This app is used to track the score in the game 'Boerenbridge'.
the 'master' branch is used as a stable candidate, the 'release' branch is used for releases.
This game is played with a full 52 card french-suited deck. Players are at all times allowed to see their own cards, but may hide their cards from their opponents.
One full game is sub-divided into multiple rounds, and each round is divided into one or more play-rounds.
At the start of each round players get dealt as many cards as the round count. One card gets shown from the remaining cards pile to randomly assign a suite as the trump suite.
At the start of each round, each player predicts how many play-rounds they will win.
Each play-round every player plays one card, and the first card played by the starting player dictates which suite is 'requested'. If the other players have a card of that suite in their hands, they are required to play that suite. The player who played the highest value card wins the round.
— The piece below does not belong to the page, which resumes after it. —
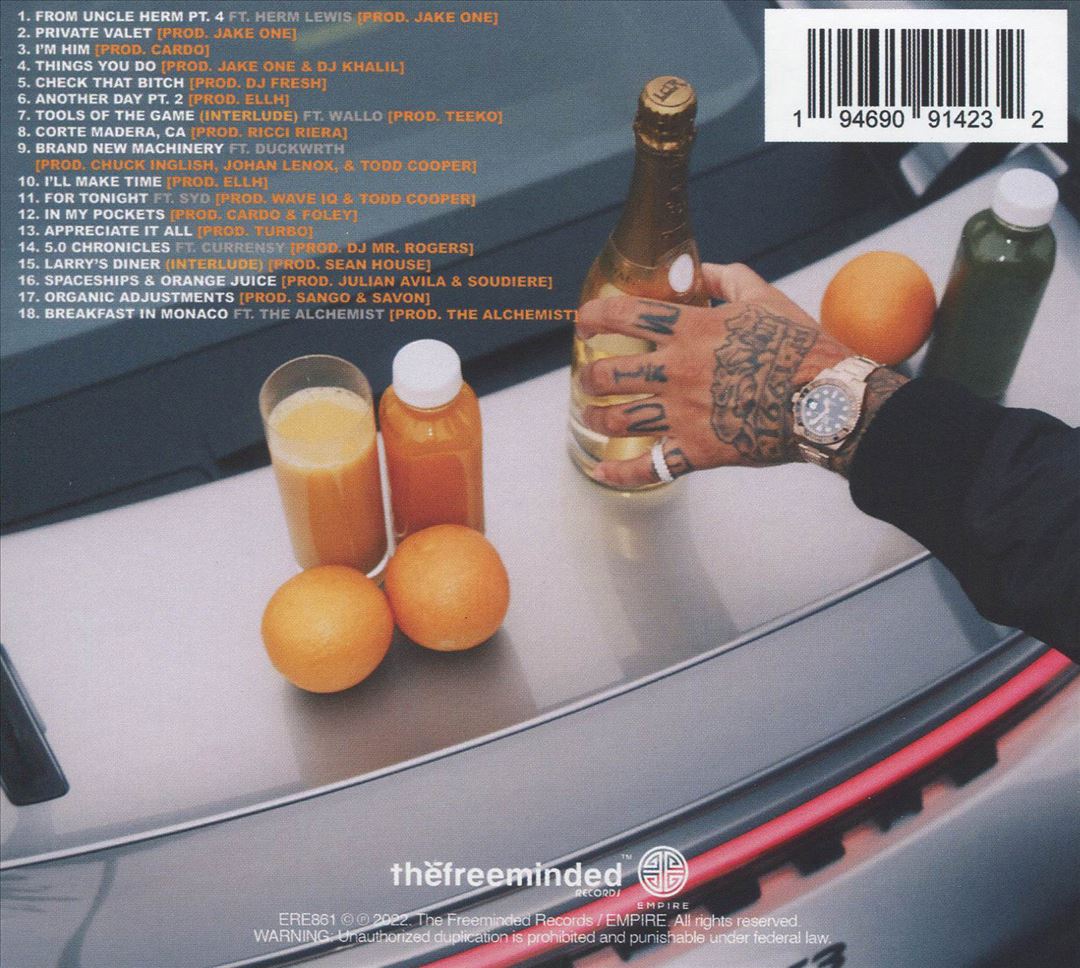 Spaceships on the Blade cover art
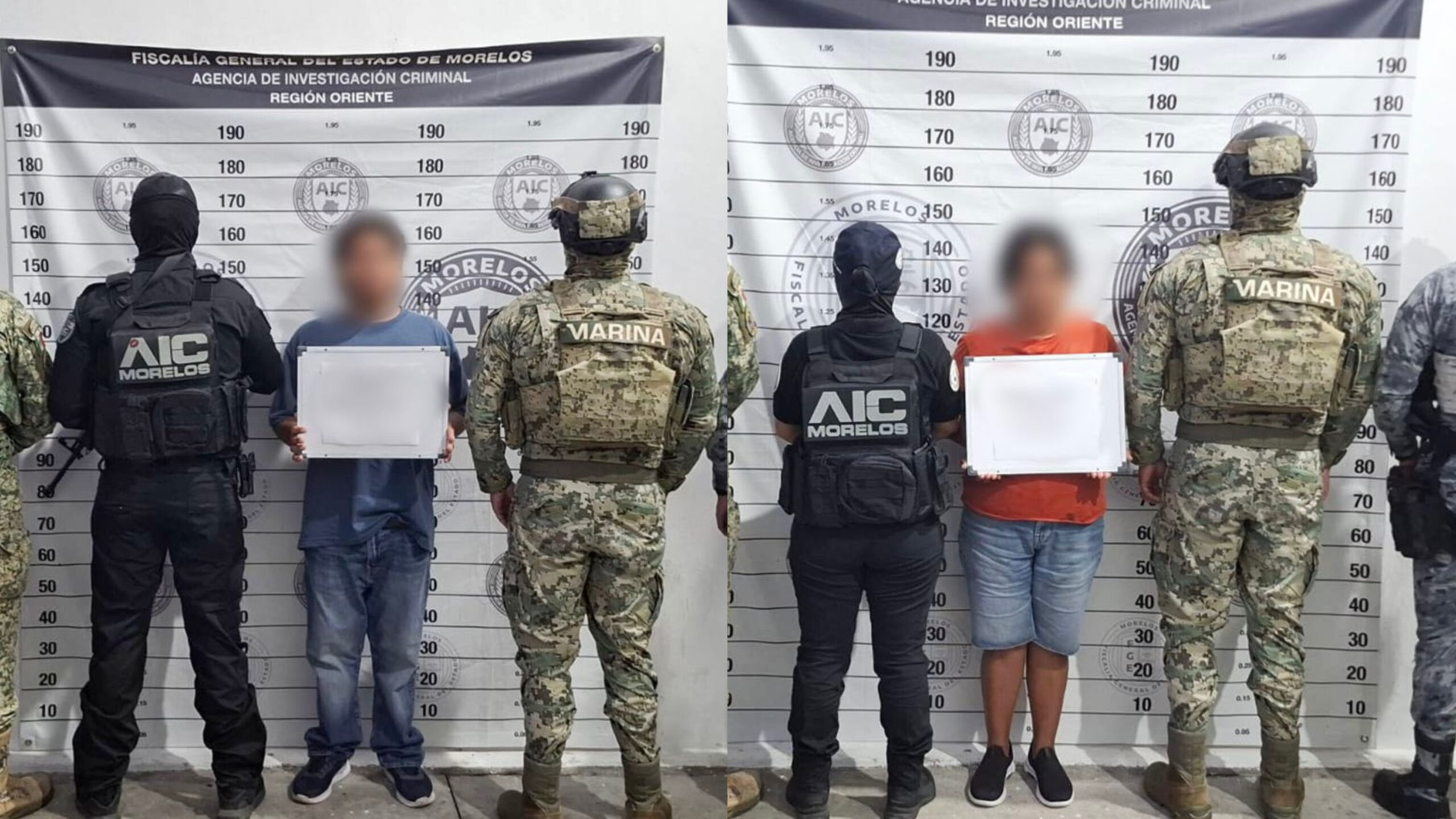 [VIDEO] DETIENEN A DOS PERSONAS POR HECHOS DELICTIVOS EN PERJUICIO DE BRENDA KELLY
The winning player starts the next play-round.
Within a suite, Ace is valued the highest, followed by King, Queen, Jack, 10, 9, etc.
Between suites, the requested suite always wins Example: first player plays 2 of hearts, following player plays Ace of spades. Since hearts was requested, the first player wins the round.
The only exception to this rule is trump cards, trump cards 'trump' the requested card. So if the first player plays an Ace of spades, hearts is the trump suite, and the second player plays a 2 of hearts, the second player wins the round.
At the end of each round the predicted score of each player is compared to the actual amount of play-rounds won. If they were correct, they get 10 points + 2 points per round won. If they were incorrect, the lose the difference between the prediction and score * 2 points.
Example: the first round, both players get dealt 1 card. They both predict they will win one play-round. One player wins a play-round, the other wins no play-rounds. The winning player would get 10 + 1 * 2 = 12 points. The losing player would lose (1 - 0) * 2 = 2 points.